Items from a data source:
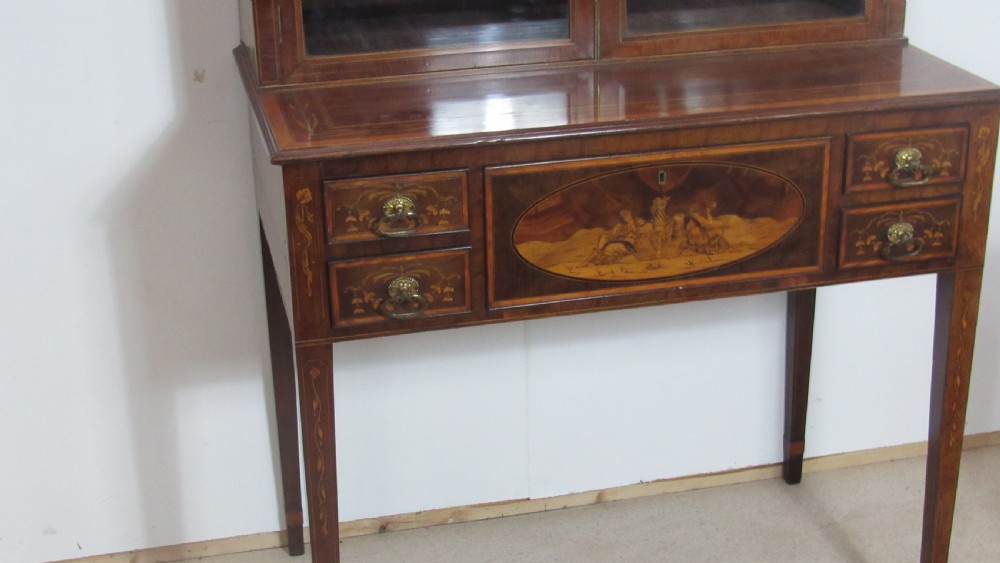 An antique mahogany glazed display cabinet featuring marquetry inlay, two glass doors, four small drawers, and square tapered legs. View XI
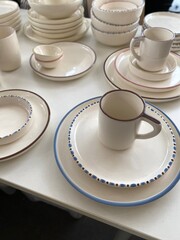Ceramic tableware with minimalist design on display, featuring plates, bowls, and mugs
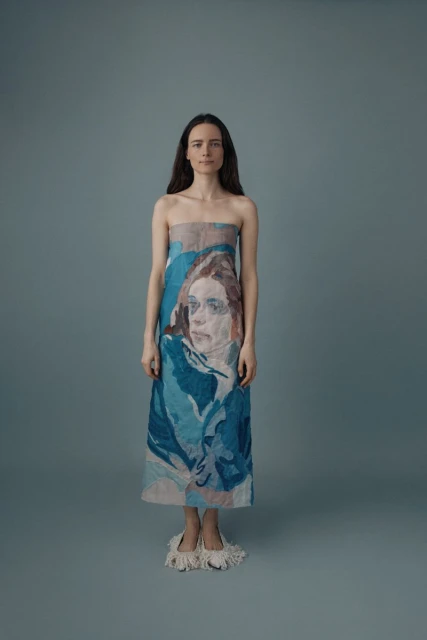 Full-length portrait of a woman with long brown hair wearing a strapless dress with a blue and beige print of a portrait.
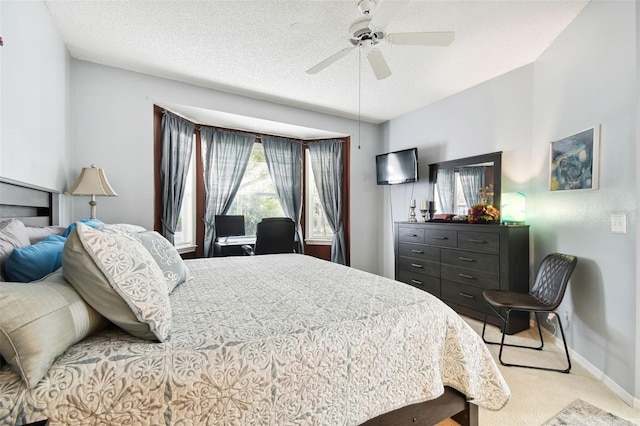 carpeted bedroom featuring ceiling fan and a textured ceiling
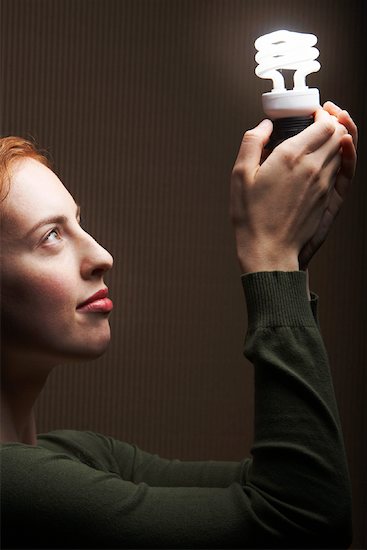 Woman Holding Energy Efficient Light Bulb Stock Photo - Premium Rights-Managed, Artist: Masterfile, Image code: 700-01764273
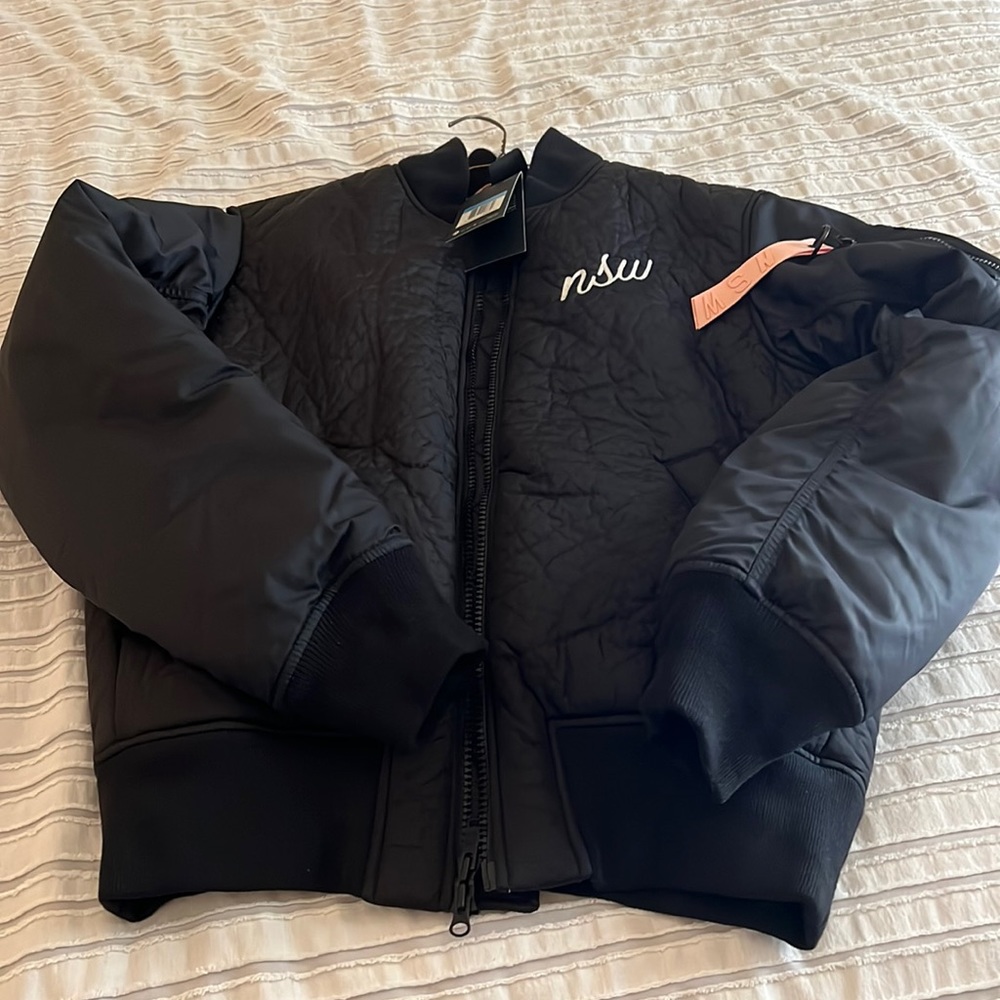 Nike Sports Wear jacket size medium. Black with pink lining. NWT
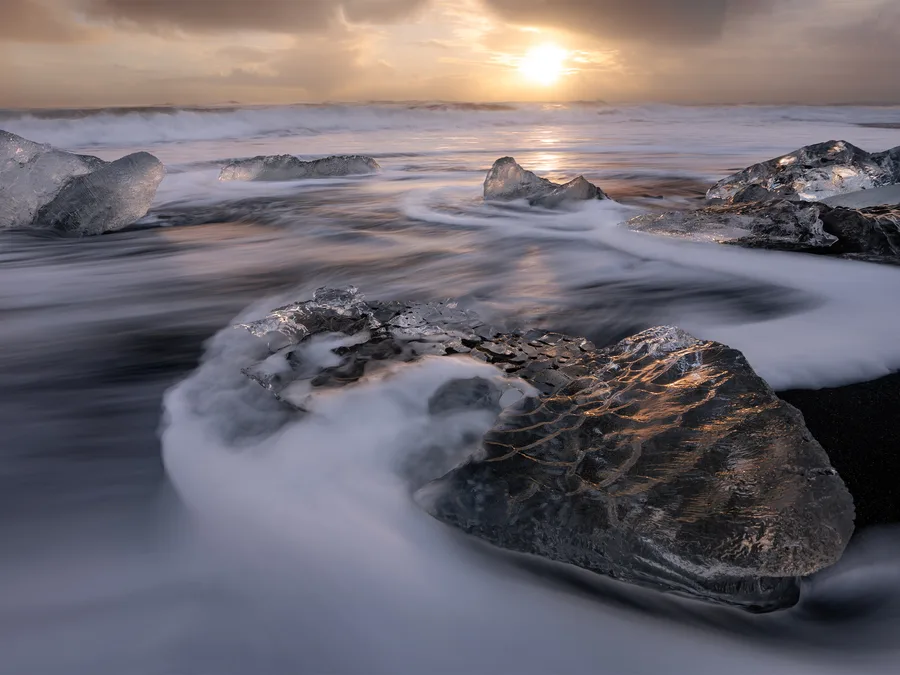 Smooth ocean water moving around ice at golden sunset.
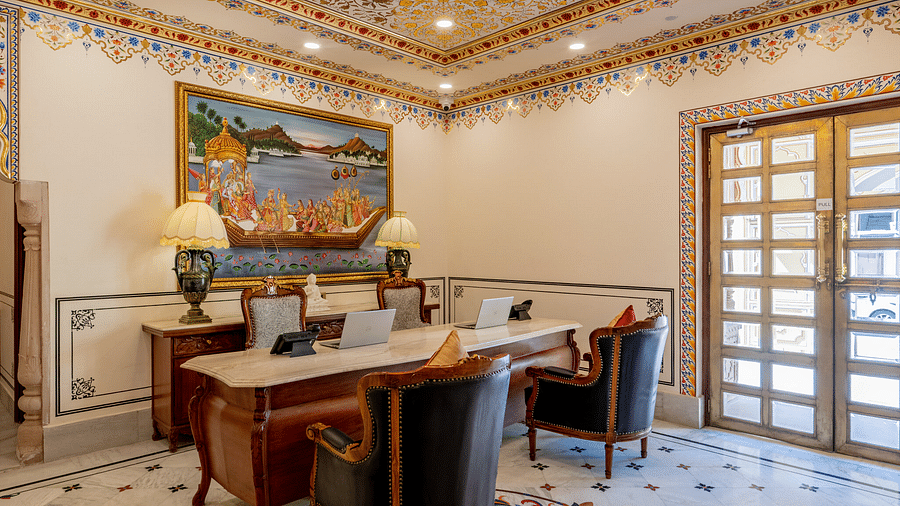 corner view image of the reception area with a beautiful mandala design engraved on the floor - Brij Castle, Jaipur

◆ **WHAT YOU HAVE TO DO**: This exercise asks for an exact copy of the lines from the first one in the data through the line that contains "Smooth ocean water", pictures excluded.

◆ **TASK ANSWER**:
 An antique mahogany glazed display cabinet featuring marquetry inlay, two glass doors, four small drawers, and square tapered legs. View XI
Ceramic tableware with minimalist design on display, featuring plates, bowls, and mugs
 Full-length portrait of a woman with long brown hair wearing a strapless dress with a blue and beige print of a portrait.
 carpeted bedroom featuring ceiling fan and a textured ceiling
 Woman Holding Energy Efficient Light Bulb Stock Photo - Premium Rights-Managed, Artist: Masterfile, Image code: 700-01764273
 Nike Sports Wear jacket size medium. Black with pink lining. NWT
 Smooth ocean water moving around ice at golden sunset.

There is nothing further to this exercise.